> _Exercise directions_
Repeat word for word every line of the data below, from the first through the line containing "Adidas Brand Black Red Mix White 3D T-Shirt", and stop there.

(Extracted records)
-- -- --

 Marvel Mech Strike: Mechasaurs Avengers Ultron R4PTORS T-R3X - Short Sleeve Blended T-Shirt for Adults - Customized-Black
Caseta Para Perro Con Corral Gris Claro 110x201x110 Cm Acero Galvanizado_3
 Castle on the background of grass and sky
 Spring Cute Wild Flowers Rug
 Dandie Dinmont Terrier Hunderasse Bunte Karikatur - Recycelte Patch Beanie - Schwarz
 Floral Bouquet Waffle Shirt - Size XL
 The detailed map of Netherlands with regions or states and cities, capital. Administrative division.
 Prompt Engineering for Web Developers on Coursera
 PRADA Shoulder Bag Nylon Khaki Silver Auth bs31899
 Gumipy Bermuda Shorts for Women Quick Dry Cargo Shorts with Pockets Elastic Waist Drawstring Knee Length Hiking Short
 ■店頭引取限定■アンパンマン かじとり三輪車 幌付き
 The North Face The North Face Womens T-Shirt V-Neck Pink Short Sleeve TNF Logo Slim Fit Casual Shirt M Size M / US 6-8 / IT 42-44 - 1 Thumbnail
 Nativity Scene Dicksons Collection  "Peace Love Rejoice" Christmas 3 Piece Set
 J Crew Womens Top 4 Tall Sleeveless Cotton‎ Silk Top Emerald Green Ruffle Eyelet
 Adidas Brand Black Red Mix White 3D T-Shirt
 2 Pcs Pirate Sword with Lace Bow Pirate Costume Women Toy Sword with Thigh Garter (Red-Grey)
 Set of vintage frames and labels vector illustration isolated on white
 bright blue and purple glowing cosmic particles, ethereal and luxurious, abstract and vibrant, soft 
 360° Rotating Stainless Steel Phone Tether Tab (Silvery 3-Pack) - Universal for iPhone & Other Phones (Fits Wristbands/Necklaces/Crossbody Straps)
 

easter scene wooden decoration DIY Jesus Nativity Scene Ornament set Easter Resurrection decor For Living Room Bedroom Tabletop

-- -- --

> _Expected answer_
 Marvel Mech Strike: Mechasaurs Avengers Ultron R4PTORS T-R3X - Short Sleeve Blended T-Shirt for Adults - Customized-Black
Caseta Para Perro Con Corral Gris Claro 110x201x110 Cm Acero Galvanizado_3
 Castle on the background of grass and sky
 Spring Cute Wild Flowers Rug
 Dandie Dinmont Terrier Hunderasse Bunte Karikatur - Recycelte Patch Beanie - Schwarz
 Floral Bouquet Waffle Shirt - Size XL
 The detailed map of Netherlands with regions or states and cities, capital. Administrative division.
 Prompt Engineering for Web Developers on Coursera
 PRADA Shoulder Bag Nylon Khaki Silver Auth bs31899
 Gumipy Bermuda Shorts for Women Quick Dry Cargo Shorts with Pockets Elastic Waist Drawstring Knee Length Hiking Short
 ■店頭引取限定■アンパンマン かじとり三輪車 幌付き
 The North Face The North Face Womens T-Shirt V-Neck Pink Short Sleeve TNF Logo Slim Fit Casual Shirt M Size M / US 6-8 / IT 42-44 - 1 Thumbnail
 Nativity Scene Dicksons Collection  "Peace Love Rejoice" Christmas 3 Piece Set
 J Crew Womens Top 4 Tall Sleeveless Cotton‎ Silk Top Emerald Green Ruffle Eyelet
 Adidas Brand Black Red Mix White 3D T-Shirt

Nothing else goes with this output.